For the sake of my heart and soul, it is time to declutter, refresh and restore.
Emily P. Freeman says in her book, The Next Right Thing, “The silence serves as a colander, helping me discern what I need to hold on to and allowing what I don’t need to fall gently away, making space to access courage and creativity, quieting to hear the voice of God.” She advises to “find small cracks of time to be silent and still.”
Similarly, Tsh Oxenrider, host of the podcast “Simple,” shared 3 reasons she thinks silence is important: to think, to hear the world around you, and to hear from God. On episode 183, “Writing + Silence,” she also describes her visit to “The Quiet House” in central Texas. This cabin is so remote you can only get there in a vehicle equipped with special tires able to go over rocks and through a river. There is no cell reception and the only connection to others is over a walkie talkie. Interestingly, The Quiet House reservations are needed a year in advance due to popularity! I guess I’m not the only one in need of silence! This is a place I would definitely like to experience in the future.

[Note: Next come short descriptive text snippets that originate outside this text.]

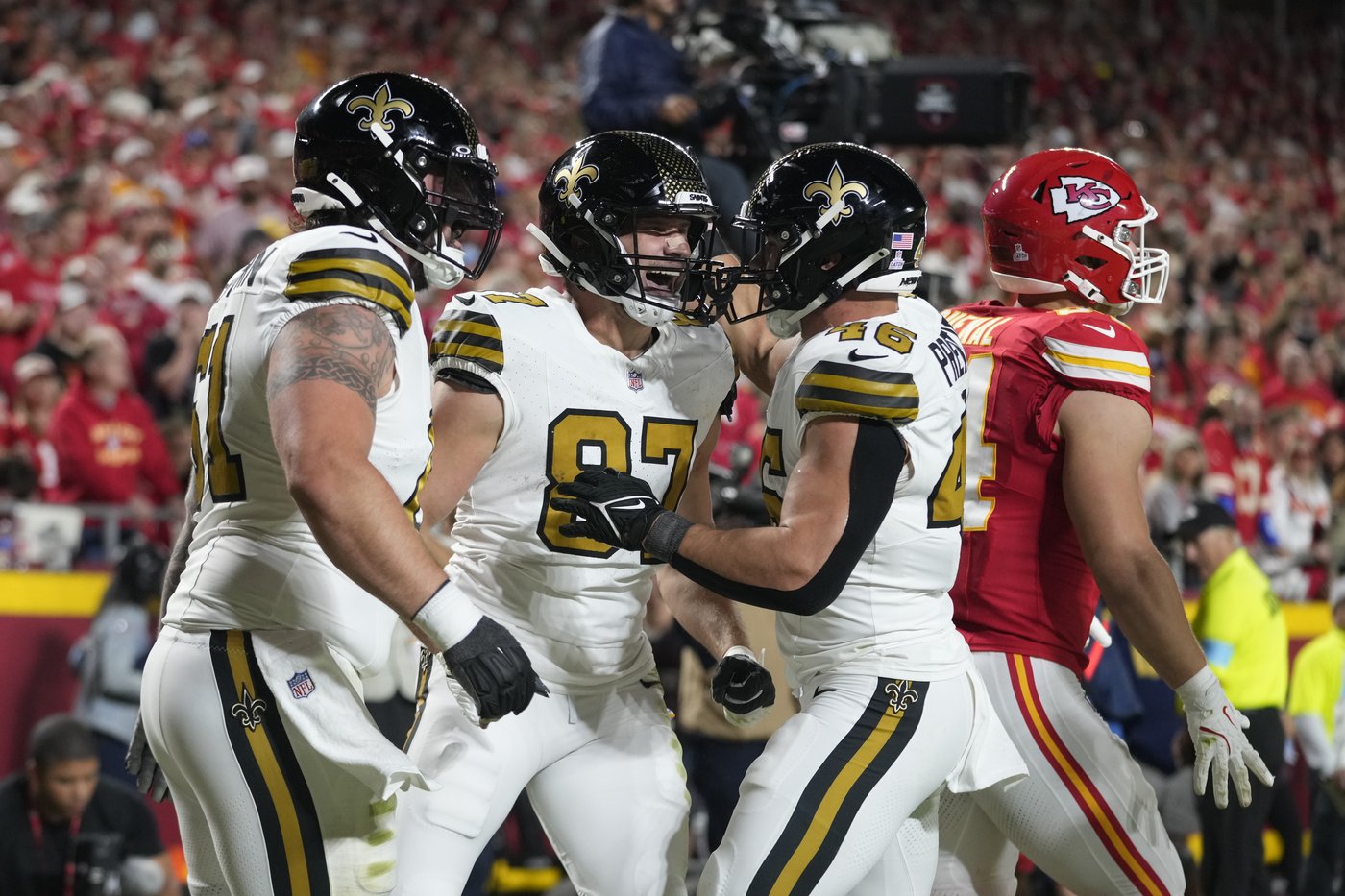 Saints aim to end 3-game skid as they host Buccaneers squad also trying to bounce back from a loss | iNFOnews.ca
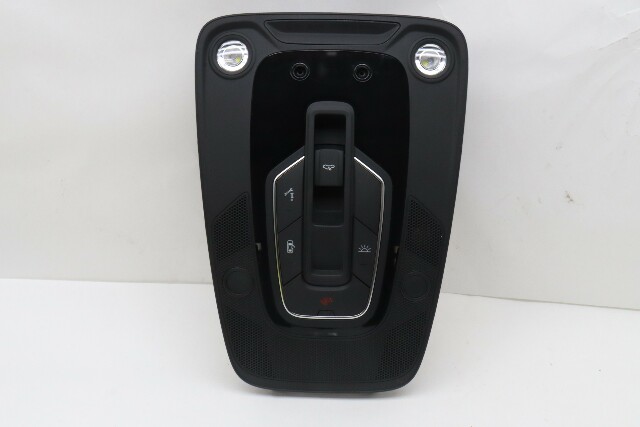 2020-2023 Audi A5 A4 B9 Overhead Console Sunroof Switch Dome Light - 4K0947135AH OEM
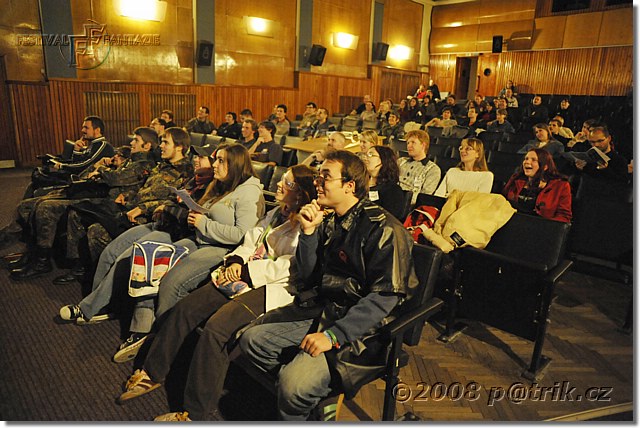 Slavnostn� zah�jen� FFS 2008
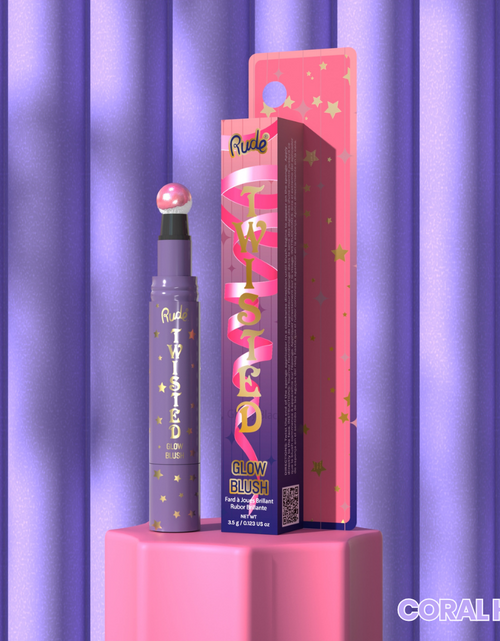 Load image into Gallery viewer, RUDE Twisted Glow Blush - Coral Haze
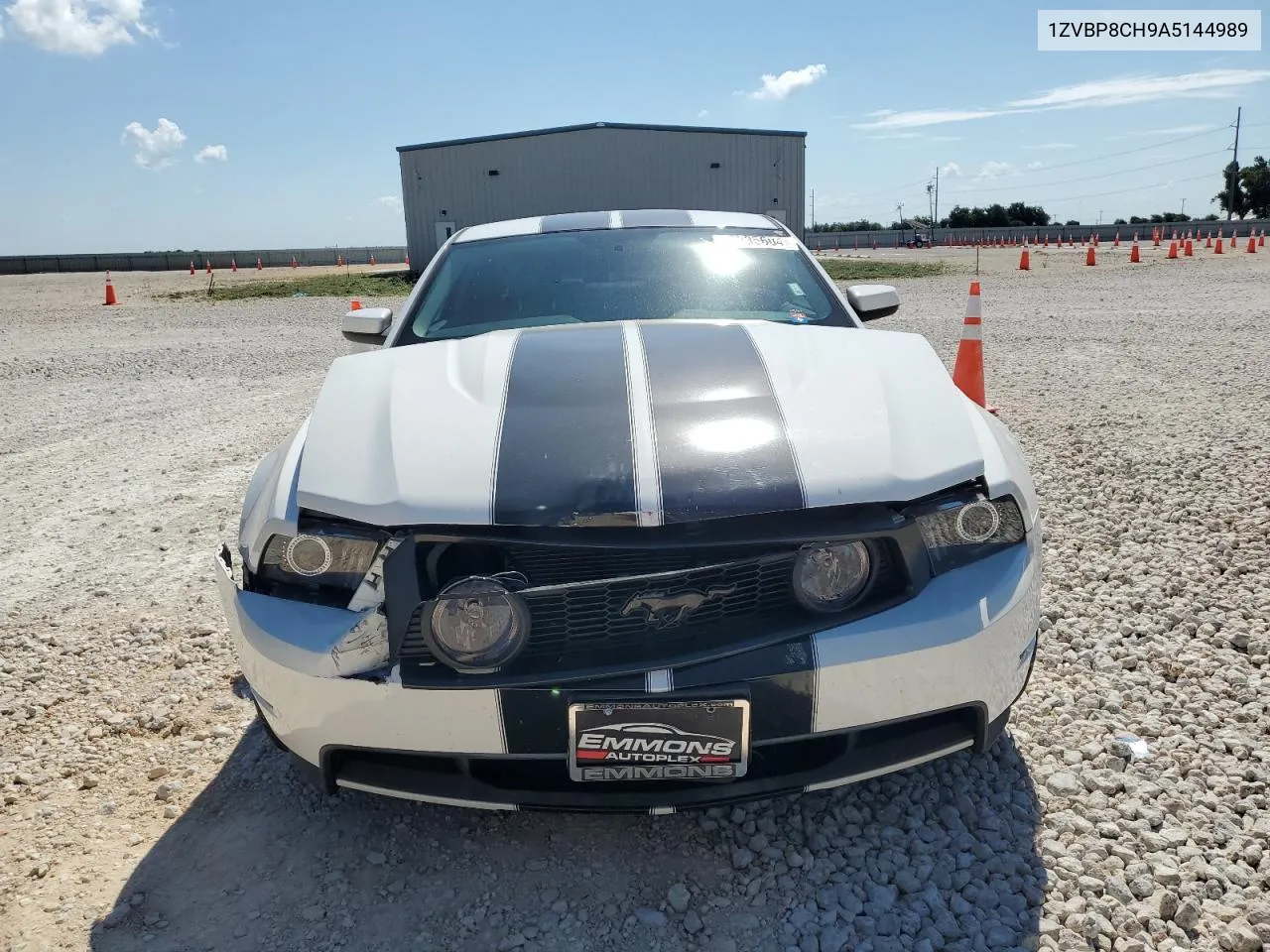 2010 Ford Mustang Gt VIN: 1ZVBP8CH9A5144989 Lot: 62235604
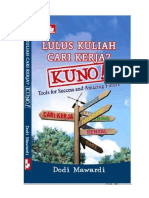 Buku Lulus Kuliah Cari Kerja Kuno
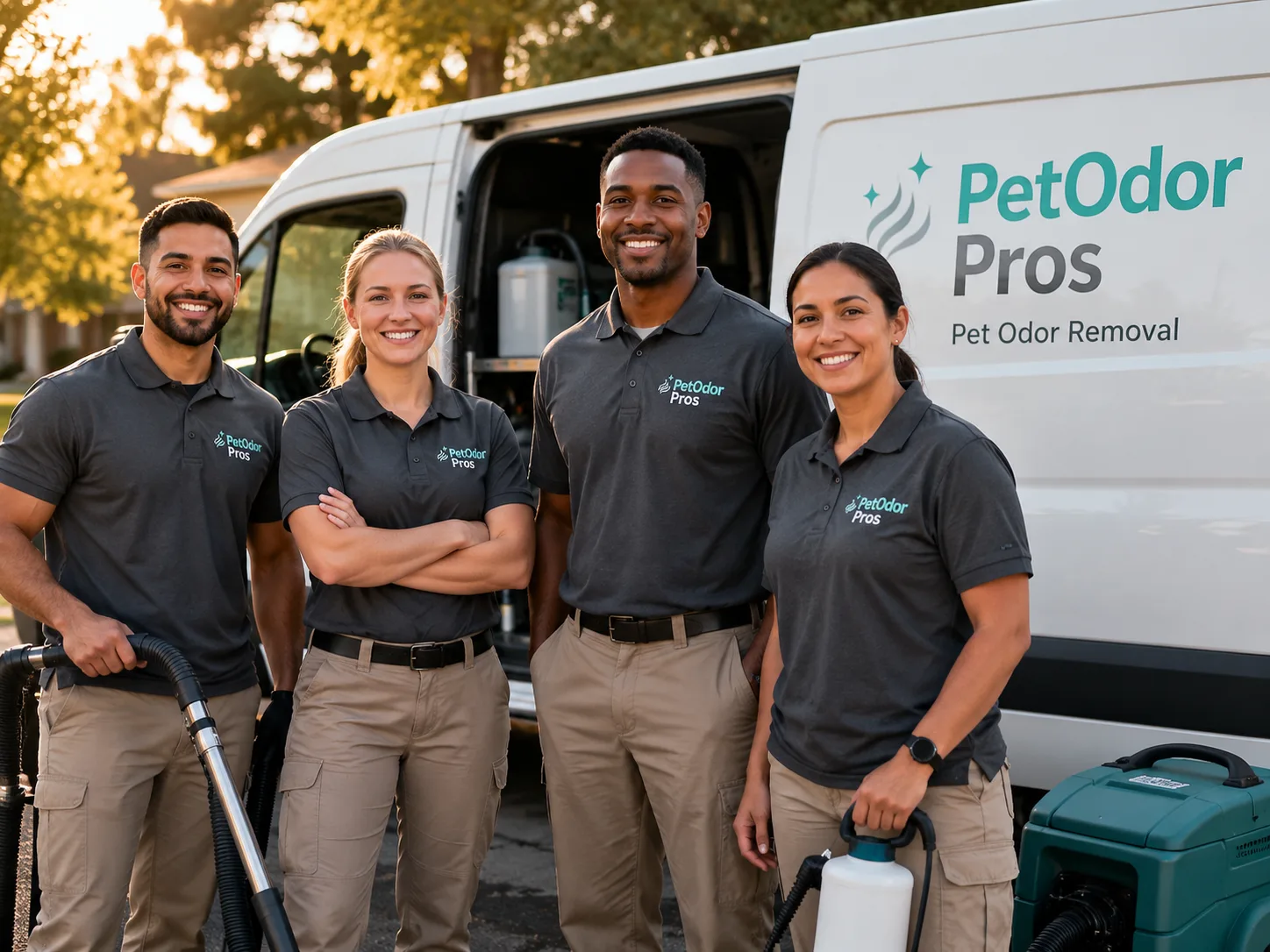 Pet Odor Removal team serving Livingston, NJ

For now, I’m going to begin a few simple acts of silence in order to bring peace and clarity back into my life.
- Hide the phone!! After walking in the door I can put my phone in a drawer to reduce the temptation to check it.
- Use a real alarm clock. I recently purchased this one and have really liked it. This allows you to enjoy the silence of the morning and not be tempted to check social media before your eyes even adjust to the light.
- Schedule silent time. I’ll start with 5 minutes and just breathe and stretch. Then I can add time each day or each week. In her book Soulful Simplicity, Courtney Carver refers to this as “habit stacking” and explains that a “slow build helps you ease in and makes your new routine sustainable.”
- Take a walk without electronics, even if just for 15 minutes. I can increase my awareness of the sounds around me, my thoughts, and the way my body feels as I take each step.
- Write in a journal.
- Throw birdseed out in your yard, sit silently, and see what happens.
- Write down 5 things that I am grateful for.
- Read an actual book that I can hold in your hands and enjoy the sound of each page turning. As I mentioned, I tend to hoard information and not process it, so maybe a fiction book might be a nice change. I can read for enjoyment rather than to gain information to give my brain a break.
- Schedule activities that don’t involve a phone. I could get a massage, have lunch with a friend, visit a museum, buy a canvas and some paint and go to town with no purpose, just for the enjoyment.
If you too are drowning in the chaos of noise and information, I hope that these simple acts of silence will end up being acts of kindness to your heart and soul and soon you will find yourself feeling refreshed and restored.